TEHRAN – The Iranian Interior Ministry finally issued the much-awaited list of candidates who were found eligible to run for president, ending a wave of rumors and speculations over the potential array of candidates in the June presidential election. 

The ministry said in a statement that it received the list of candidates whose qualifications were confirmed by the Guardian Council. The list included a number of prominent figures such as Saeed Jalili, Seyed Ebrahim Raisi, Alireza Zakani, Seyed Amir Hossein Qazizadeh Hashemi, Mohsen Mehralizadeh, Mohsen Rezaei, and Abdolnaser Hemmati.

These candidates are now allowed to start election campaigns and promote themselves in the eyes of millions of voters across the country. 

The list of candidates came as a surprise to many observers as it did not include some prominent figures who have been widely thought to be qualified for the 13th presidential election of the Islamic Republic. Former Majlis Speaker Ali Larijani, First-Vice President Es’haq Jahangiri, and Saeed Mohammad, the former chief of the Islamic Revolution Guard Corps’ engineering conglomerate Khatam al-Anbiya, were among the disqualified candidates. 

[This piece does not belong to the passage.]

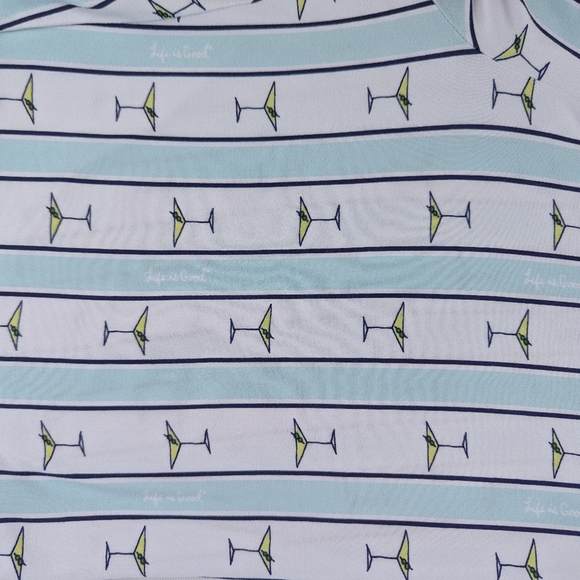 Life Is Good Martini Embroidery & Print PJ Set Short Sleeve Top Pant Teal XL NWT - Picture 13 of 16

According to Fars News, the election vetting body disqualified at least 18 candidates who are principlist or close to the principlist faction. It also rejected 14 candidates who are reformists or close to the reformist faction. 

This was a clear indication that the Guardian Council refused to vet candidates on the basis of their political affiliation. In fact, the council set a clear example of impartiality and abiding by law by disqualifying Larijani, who currently serves as an advisor to the Leader on international affairs. 

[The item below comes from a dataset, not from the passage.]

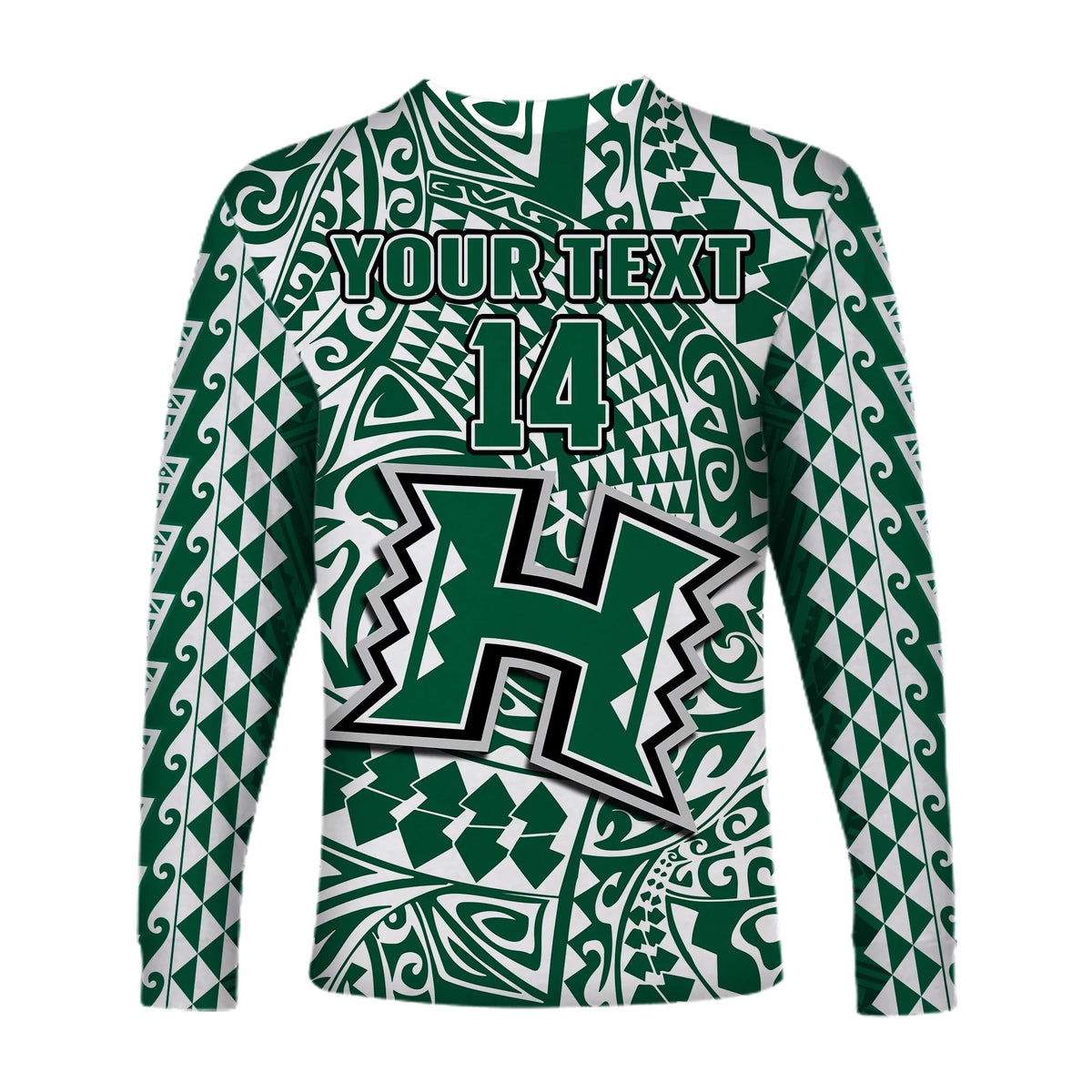 (Custom Text And Number) Hawaii Football Long Sleeve Shirt Rainbow Warriors Tribal Kakau LT14 - Polynesian Pride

Larijani was widely promoted by moderate and reformist political circles as a candidate whose ties to the establishment enable him to earn qualification from the council and turn the tide in favor of reformists and their moderate allies in the government of Hassan Rouhani. 

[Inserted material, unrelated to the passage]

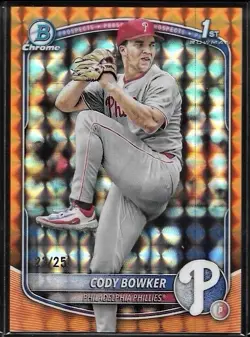 2025 Bowman Draft Cody Bowker Orange Geometric 1st Bowman /25 Phillies - Image 1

But the Guardian Council made it clear that its vetting process is by no means subject to political or “expediency” considerations. Instead, it would examine the candidates in strict accordance with the law. 

In fact, the disqualification of Larijani indicated that the council never discriminates against candidates from different political and social backgrounds. At the end of the day, Larijani has held high-level posts in the Islamic Republic for years and now is currently serving as an advisor to the Leader. This is another indication that the Guardian Council can discharge its legal duties even when it comes to disqualifying high-level figures.

This brings us to the issue of the fluidity of the vetting process, which is more subject to present-day considerations than to past experiences. In some cases, the Guardian Council confirms individuals who have been disqualified in the past and vice versa. This does not mean that council’s criteria for screening are changing from time to time. The standards and criteria of the Guardian Council are subject to the law as a yardstick for who will be qualified or disqualified.

Regardless of the standards, the council performs its duty in legal but quiet ways. Usually, the oversight body does not publicly reveal the reasons behind its decisions regarding the candidates. And this has paved the way for some political factions to unfairly blame it for disqualifying certain candidates. Despite these criticisms, the council continues to protect the confidentiality of the vetting process. This has much to do with protecting the privacy of candidates.  

If the council reveals the reasons behind the disqualifications, the disqualified candidates’ reputation may be damaged; at the end of the day, the vetting process also includes security details about the candidates. That’s why the Guardian Council continues to vet candidates in a legal way while protecting the candidates’ reputation from being undermined by a formal process that is designed to increase social and political cohesion.